Pour nous, qui ne croyons pas à l'obtention de résultats durables par les soubresauts impulsifs de ce que les anarchistes appellent les minorités conscientes, le syndicat doit grouper le maximum de travailleurs de la même corporation, et fatalement, ceux-ci du fait qu'ils seront syndiqués en vue de la défense d'intérêts immédiats, arriveront à l'idéal social de tous les ouvriers conscients : la suppression du salariat. Mais pour cela, il ne faut pas que par une politique quelconque, qui froisse leurs convictions personnelles, on les éloigne à priori du syndicat.

La Confédération,  pour  être  puissante et remplir le rôle d'émancipation ouvrière qu'elle s'est dévolue, doit être ouverte à tous. C'est seulement ainsi qu'elle pourra, non seulement conquérir les améliorations au sort du prolétariat, mais conserver les avantages obtenus par les luttes antérieures, et les efforts des prolétaires luttant sur tous les terrains.

C'est le sens de notre ordre du jour.

Renard. – Notre proposition avait surtout pour but de donner lieu à un vaste débat, afin que les différentes tendances qui se manifestent ici sur le rôle de la Confédération, puissent être largement développées.
Quel que soit le rôle réservé à notre proposition, ce résultat a été obtenu.

Je répondrai tout d'abord au reproche que m'a fait Merrheim d'avoir compté les syndicats jaunes dans le chiffre d'effectif syndical dans la région du Nord que j'ai donné hier.

Cela est exact, mais n'enlève aucune force à mon argumentation ; le chiffre que j'ai donné n'a pas été utilisé dans l'ordre de mes arguments pour sa valeur propre, mais bien comme terme de comparaison. Quand j'ai dit que le département du Nord, avec ses 76,000 syndiqués était, pour la force de nos organisation, le second de notre pays, j'ai compté également, dans tous les autres départements, le chiffre global de syndiqués, sans faire de distinction, ni défalquer l'effectif des syndicats jaunes.
J'estime également que si, à Roubaix et dans d'autres localités, comme nous l'a reproché Merrheim, le syndicat textile groupe des camarades d'autres professions, travaillant dans la même usine que les tisseurs, ils n'en sont pas moins syndiqués, et qu'on est mal venu d'attribuer à l'action socialiste, la faiblesse de l'organisation syndicale dans certaines régions du Nord, alors qu'ici, tout près, il y a une région soumise à l'influence libertaire qui, sur 25,000 ouvriers du Textile, groupe 50 syndiqués.

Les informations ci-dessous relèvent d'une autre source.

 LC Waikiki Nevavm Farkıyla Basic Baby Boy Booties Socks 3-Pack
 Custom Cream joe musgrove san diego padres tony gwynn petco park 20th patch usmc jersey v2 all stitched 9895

D'ailleurs, comme l'a dit Coupat, il n'y a pas si longtemps que les libertaires sont syndiqués, il n'y a pas si longtemps qu'ils proclamaient, qu'il " leur suffisait de poignard, de faux, de piques, de revolver et de flingots, pour, watriner toute la clique des exploiteurs et des sergots, "  il n'y a pas si longtemps encore que le Père Peinard cognait de son tire-pied sur les prolos assez poires pour s'avachir dans les syndicats.

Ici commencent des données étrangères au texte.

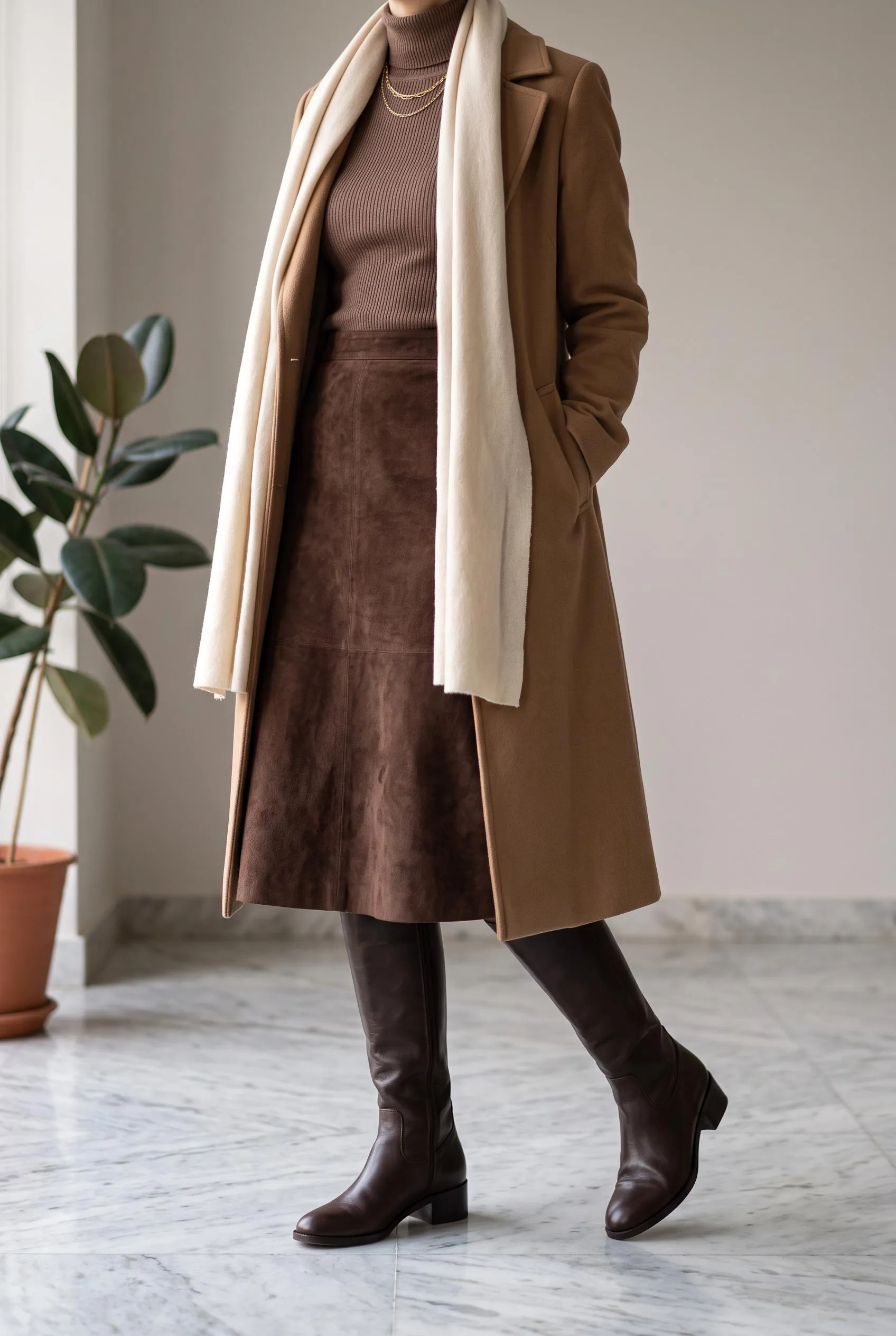 Espresso leather knee boots with a chocolate suede midi skirt, mocha turtleneck, long coat and cream scarf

Aujourd'hui, les temps sont changés, les libertaires sont rentrés au syndicat et y font prédominer leur esprit. Nous ne demandons pas que le nôtre y domine, quoi qu'en aient dit nos contradicteurs; nous ne demandons pas la fusion. Ce que nous voulons, c'est qu'on ne se serve pas de l'organisme syndical comme d'un instrument de combat contre le Parti socialiste, et que les deux modes d'action du prolétariat, action politique ou action syndicale, convergent au même but sans dissensions fratricides. Je ne suis pas le seul à défendre cette manière de voir. On a dit dans la discussion d'hier, qu'on voulait établir des syndicats suivant la méthode de Kropotkine, eh bien ! j'ai ici un numéro des Temps nouveaux, où Kropotkine, au sujet du Congrès de Mannheim, préconise l'entente que nous demandons.
Niel a dit que l'ouvrier était travailleur d'abord, citoyen ensuite, c'est exact, mais il est l'un et l'autre.
Il nous a encore dit : " Vous demandez l'entente! l'alliance intermittente, pourquoi pas la fusion ? " Je pourrais à mon tour lui demander : " Puisque vous êtes pour l'affranchissement total du prolétariat – comme nous du reste ! – pourquoi ces congrès et pourquoi pas la révolution libératrice de suite ? " Ce que nous demandons d'abord, c'est ce qu'ont bien compris les travailleurs de Belgique, d'Allemagne, des Pays Scandinaves, et môme, ces dernières années, nos camarades anglais.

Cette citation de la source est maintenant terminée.